11 En als de koning ingegaan was, om de aanzittende gasten te overzien, zag hij aldaar een mens, niet gekleed zijnde met een bruiloftskleed;

12 En zeide tot hem: Vriend! hoe zijt gij hier ingekomen, geen bruiloftskleed aan hebbende? En hij verstomde.

13 Toen zeide de koning tot de dienaars: Bindt zijn handen en voeten, neemt hem weg, en werpt hem uit in de buitenste duisternis; daar zal zijn wening en knersing der tanden.

14 Want velen zijn geroepen, maar weinigen uitverkoren.

15 Toen gingen de Farizeen heen, en hielden te zamen raad, hoe zij Hem verstrikken zouden in Zijn rede.

16 En zij zonden uit tot Hem hun discipelen, met de Herodianen, zeggende: Meester! wij weten, dat Gij waarachtig zijt, en de weg Gods in der waarheid leert, en naar niemand vraagt; want Gij ziet den persoon der mensen niet aan;

17 Zeg ons dan: wat dunkt U? Is het geoorloofd, den keizer schatting te geven of niet?

18 Maar Jezus, bekennende hun boosheid, zeide:

19 Gij geveinsden, wat verzoekt gij Mij? Toont Mij de schattingpenning. En zij brachten Hem een penning.

20 En Hij zeide tot hen: Wiens is dit beeld en het opschrift?

21 Zij zeiden tot Hem: Des keizers. Toen zeide Hij tot hen: Geeft dan den keizer, dat des keizers is, en Gode, dat Gods is.

22 En zij, dit horende, verwonderden zich, en Hem verlatende, zijn zij weggegaan.
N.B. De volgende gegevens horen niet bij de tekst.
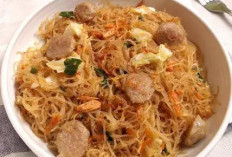 Rahasia Membuat Bihun Goreng Lezat dan Tidak Lengket, Simak Tips Praktisnya!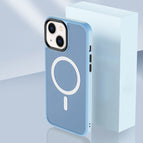 For iPhone 14 Plus / Sierra Blue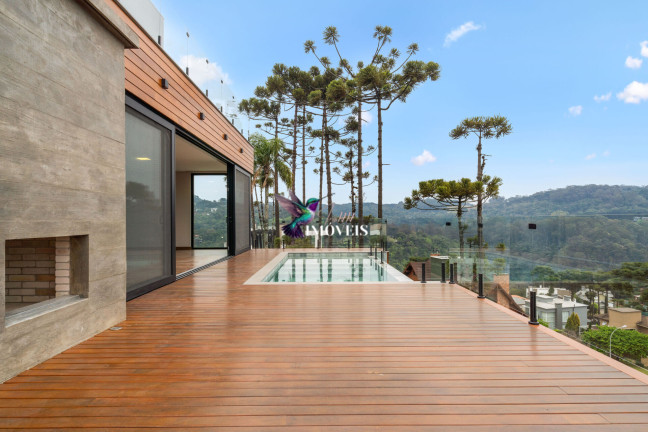 Imagem Casa com 4 Quartos à Venda, 570 m² em Alphaville - Gramado Imagem Casa com 4 Quartos à Venda, 570 m² em Alphaville - Gramado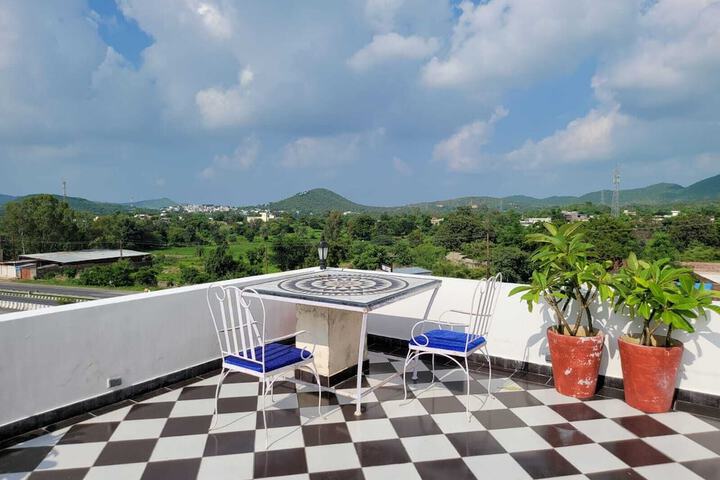 Terrace/Patio 46 of 49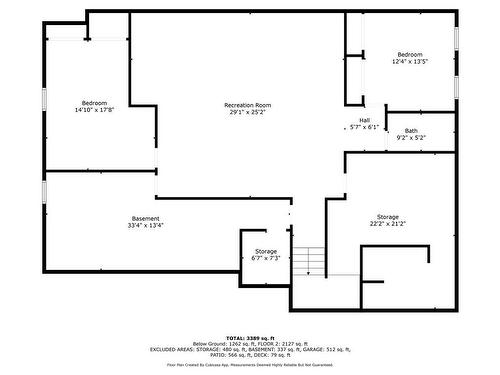 Floorplans - 360 North Shore Boulevard E, Burlington, ON - Other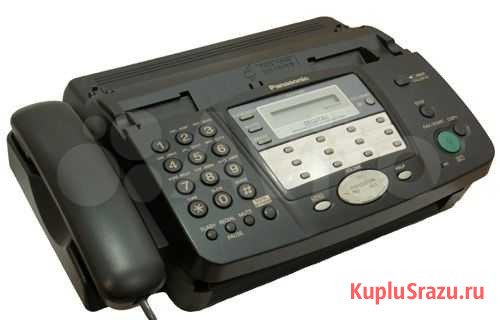 Факс с автоответчиком Panasonic KX-FT908 Кострома - изображение 1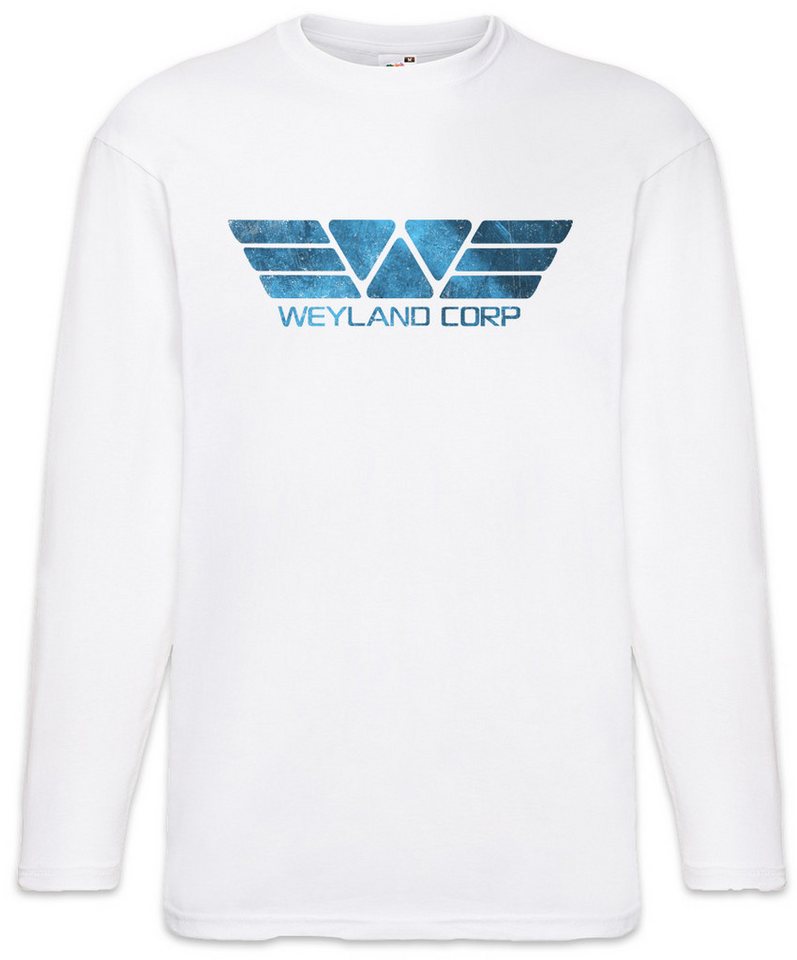 Urban Backwoods Langarmshirt Weyland Corporation I Langarm T-Shirt Prometheus USCSS Nostromo Alien (1-tlg) von Urban Backwoods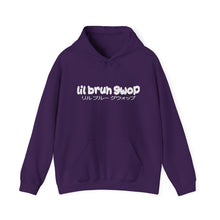 Load image into Gallery viewer, STITCH HOODIE - MULTI COLORS (WHITE)

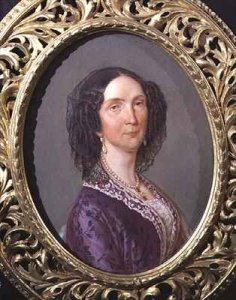 Portrait of the Archduchess Sophia of Austria (1805-72)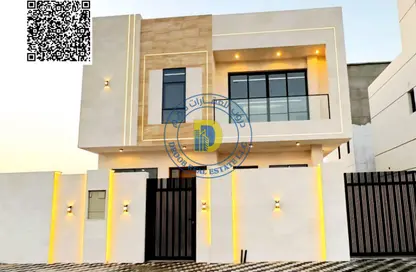 فيلا - 5 غرف نوم - 8 حمامات للبيع في الزاهية جاردنز - الزاهية - عجمان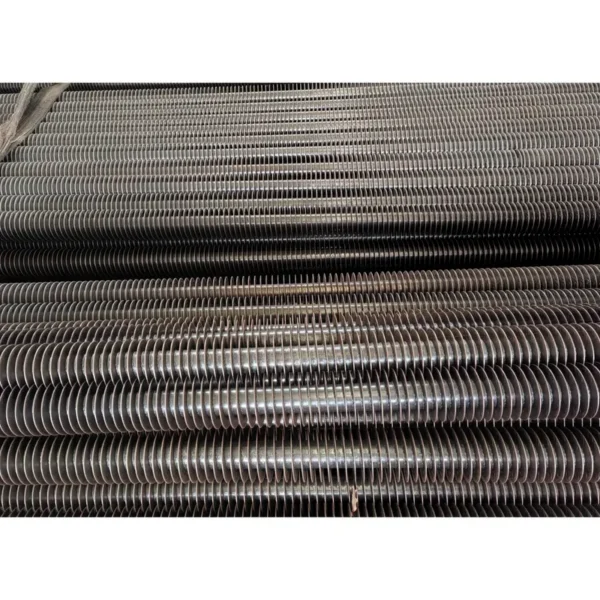 Element Carbon Steel Boiler, Finned Tube, ASME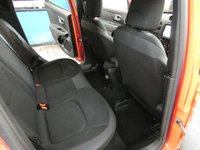 USED 2020 70 JEEP RENEGADE 1.0 NIGHT EAGLE 5d 118 BHP FREE 12 MONTHS GOLD WARRANTY SAT NAV CRUISE CONTROL PARKING SENSORS 1 OWNER SERVICE HISTORY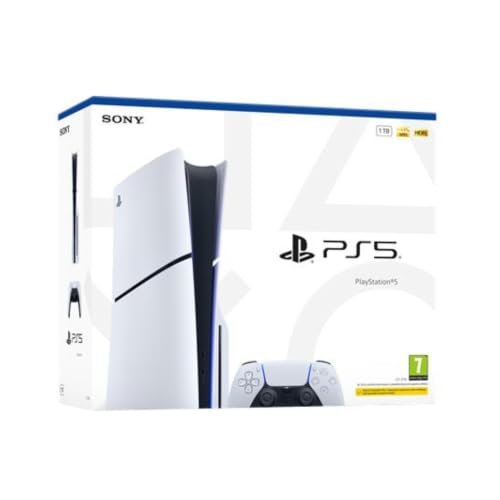 Sony PlayStation 5 Disc Edition Console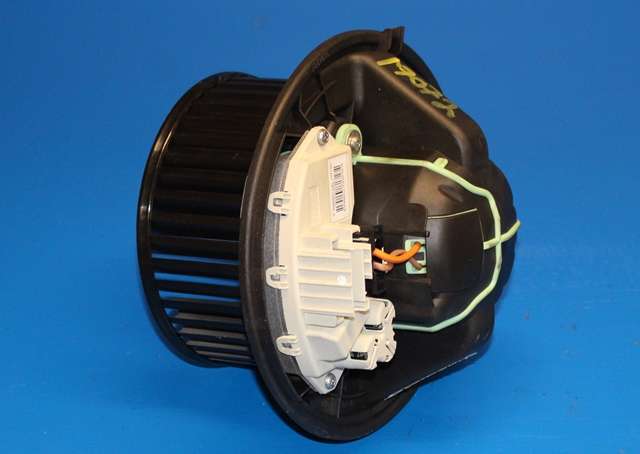 Varmeapparat motor til BMW 1-Serie, 2004-2011 (E81/E82/E87/E88) (E81/E82/E87/E88) (BMW|6 933 663)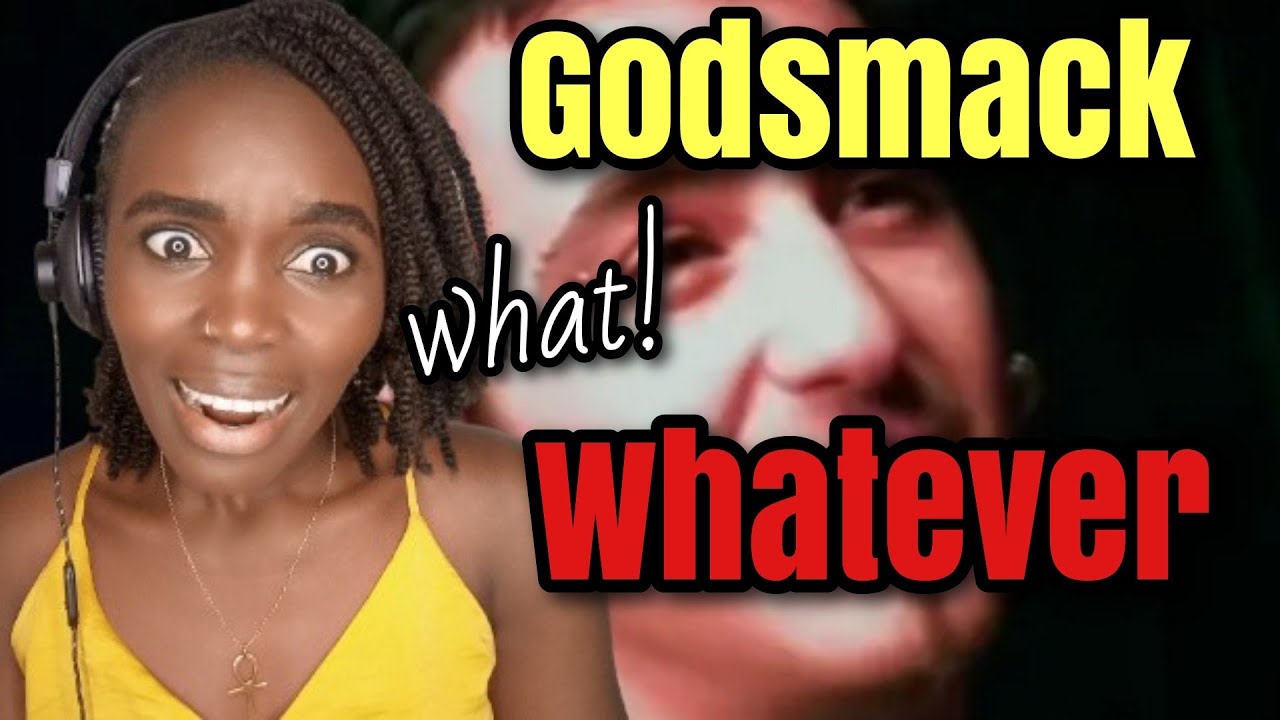 Aish! This One Is🔥💯 Godsmack - Whatever | REACTION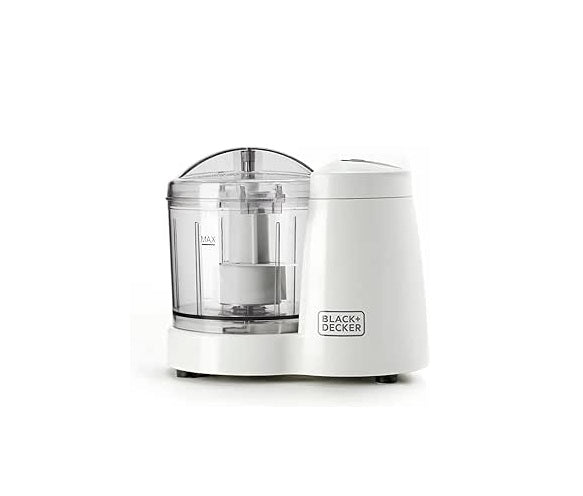 Black + Decker Mini Chopper – Model CS350-B5 - SouqNoir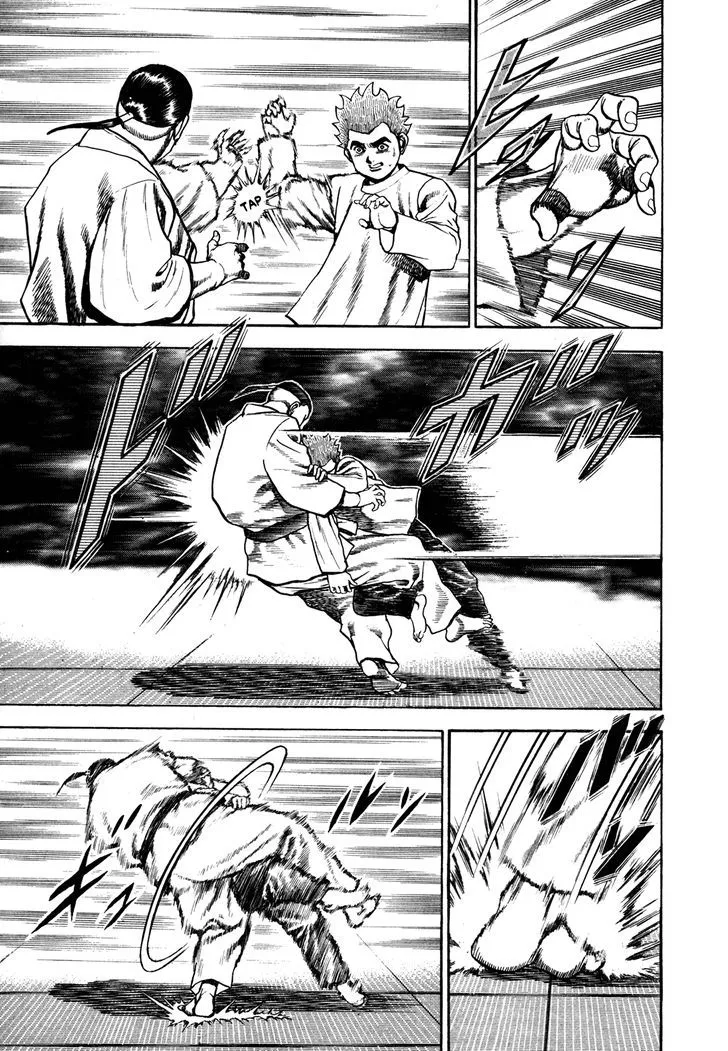 Koukou Tekkenden Tough Chapter 111 page 12 - 
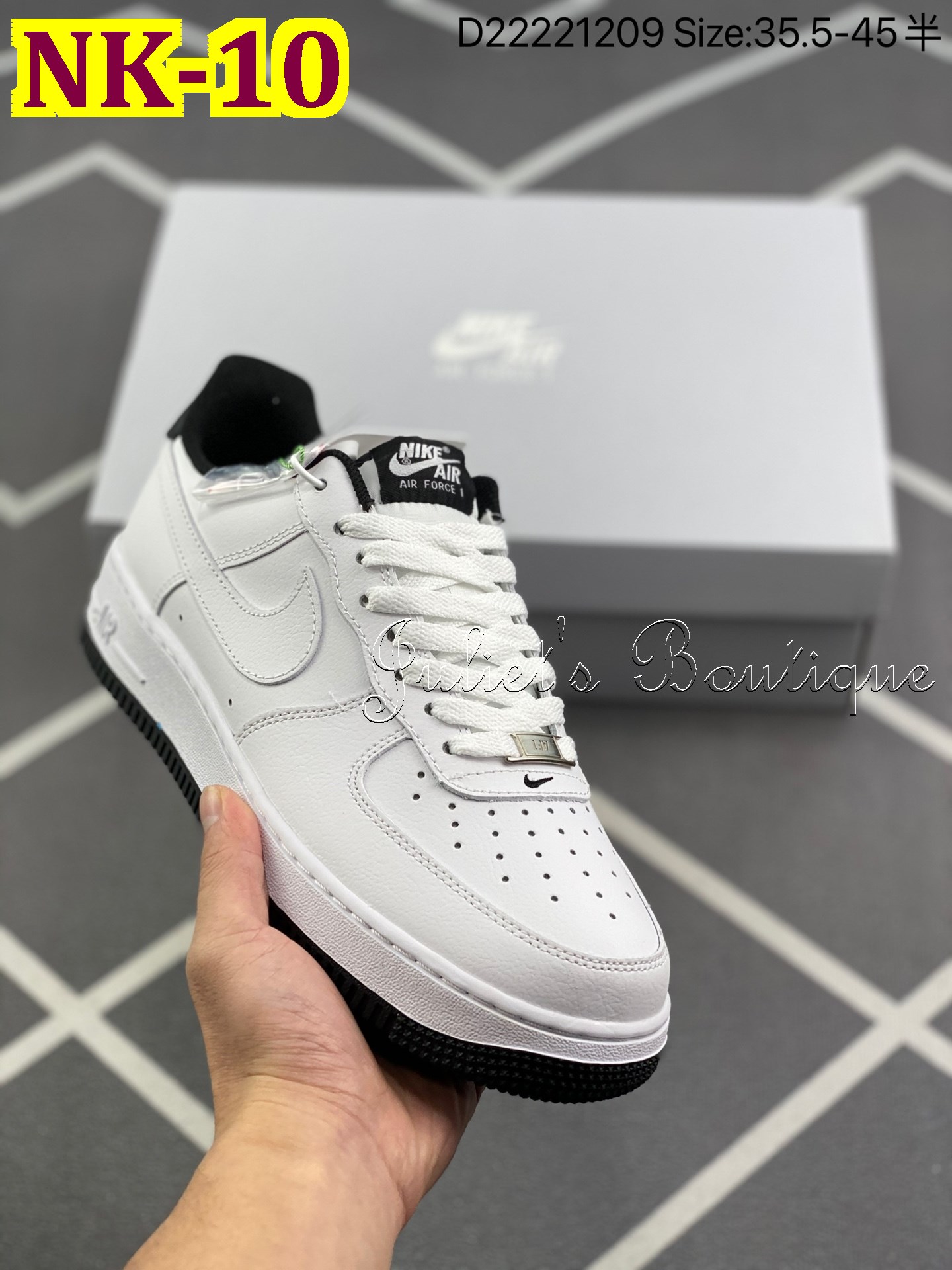 ST630 $52.99 Nike Air Force 1 Low gallery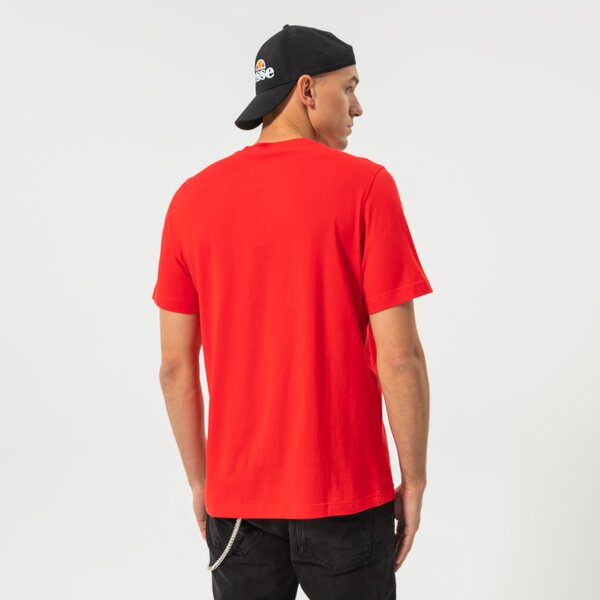 Vīriešu t krekli ADIDAS T-SHIRT TREFOIL T-SHIRT he9511 krāsa sarkana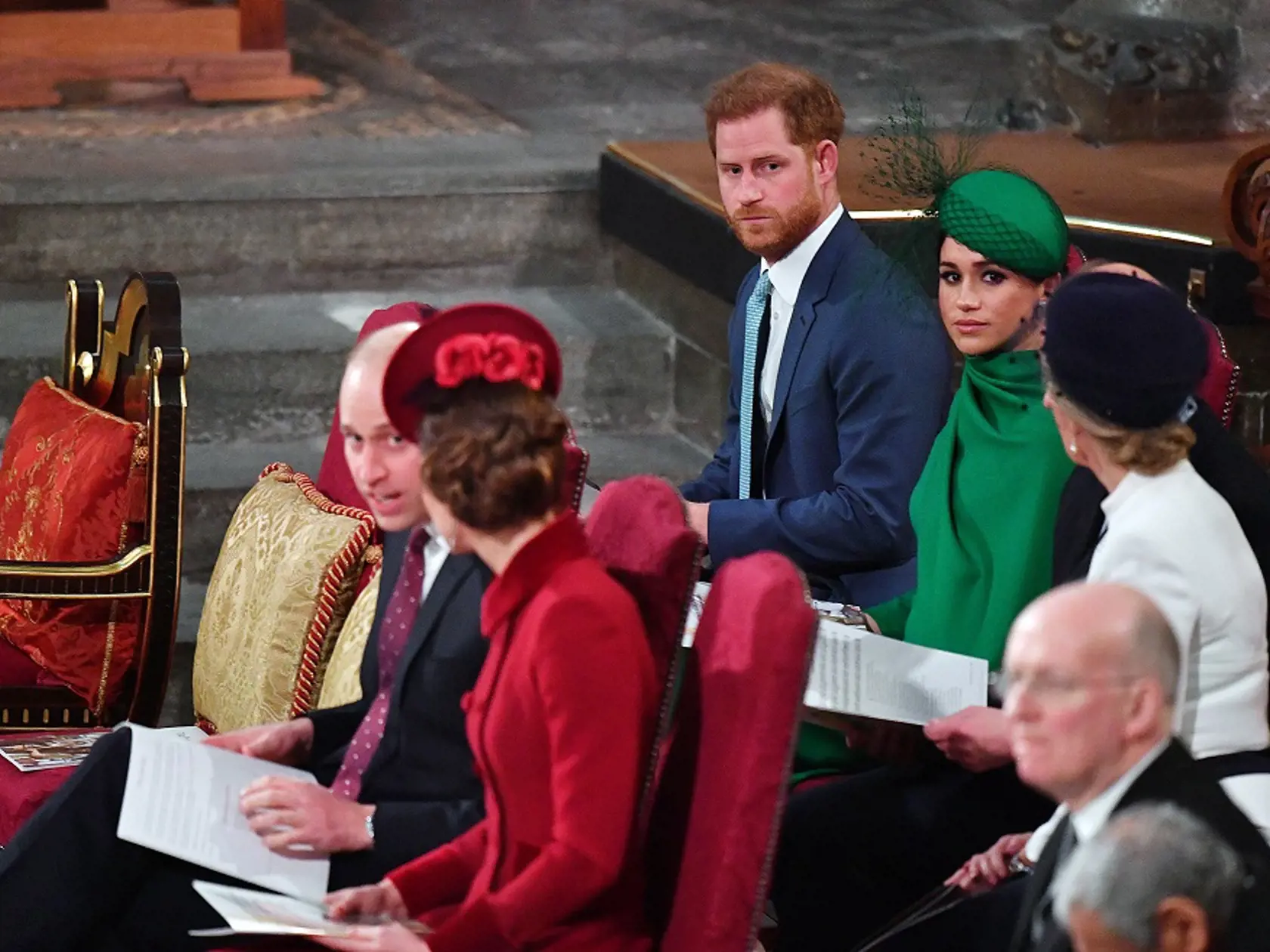 Commonwealth Day Service 2020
23 Te dienzelfden dage kwamen tot Hem de Sadduceen, die zeggen, dat er geen opstanding is, en vraagden Hem,

24 Zeggende: Meester! Mozes heeft gezegd: Indien iemand sterft, geen kinderen hebbende, zo zal zijn broeder deszelfs vrouw trouwen, en zijn broeder zaad verwekken.

25 Nu waren er bij ons zeven broeders; en de eerste, een vrouw getrouwd hebbende, stierf; en dewijl hij geen zaad had, zo liet hij zijn vrouw voor zijn broeder.

26 Desgelijks ook de tweede, en de derde, tot de zevende toe.

27 Ten laatste na allen, is ook de vrouw gestorven.

28 In de opstanding dan, wiens vrouw zal zij wezen van die zeven, want zij hebben ze allen gehad?

29 Maar Jezus antwoordde en zeide tot hen: Gij dwaalt, niet wetende de Schriften, noch de kracht Gods.

30 Want in de opstanding nemen zij niet ten huwelijk, noch worden ten huwelijk uitgegeven; maar zij zijn als engelen Gods in de hemel.

31 En wat aangaat de opstanding der doden, hebt gij niet gelezen, hetgeen van God tot ulieden gesproken is, Die daar zegt:

32 Ik ben de God Abrahams, en de God Izaks, en de God Jakobs! God is niet een God der doden, maar der levenden.

33 En de scharen, dit horende, werden verslagen over Zijn leer.

34 En de Farizeen, gehoord hebbende, dat Hij de Sadduceen den mond gestopt had, zijn te zamen bijeenvergaderd.

35 En een uit hen, zijnde een Wetgeleerde, heeft gevraagd, Hem verzoekende, en zeggende:

36 Meester! welk is het grote gebod in de wet?

37 En Jezus zeide tot hem: Gij zult liefhebben den Heere, uw God, met geheel uw hart, en met geheel uw ziel, en met geheel uw verstand.

38 Dit is het eerste en het grote gebod.

39 En het tweede aan dit gelijk, is: Gij zult uw naaste liefhebben als uzelven.

40 Aan deze twee geboden hangt de ganse wet en de profeten.

41 Als nu de Farizeen samenvergaderd waren, vraagde hun Jezus,

42 En zeide: Wat dunkt u van den Christus? Wiens Zoon is Hij? Zij zeiden tot Hem: Davids Zoon.

43 Hij zeide tot hen: Hoe noemt Hem dan David, in de Geest, zijn Heere? zeggende:

44 De Heere heeft gezegd tot Mijn Heere: Zit aan Mijn rechter hand, totdat Ik Uw vijanden zal gezet hebben tot een voetbank Uwer voeten.

45 Indien Hem dan David noemt zijn Heere, hoe is Hij zijn Zoon?

46 En niemand kon Hem een woord antwoorden; noch iemand durfde Hem van dien dag aan iets meer vragen.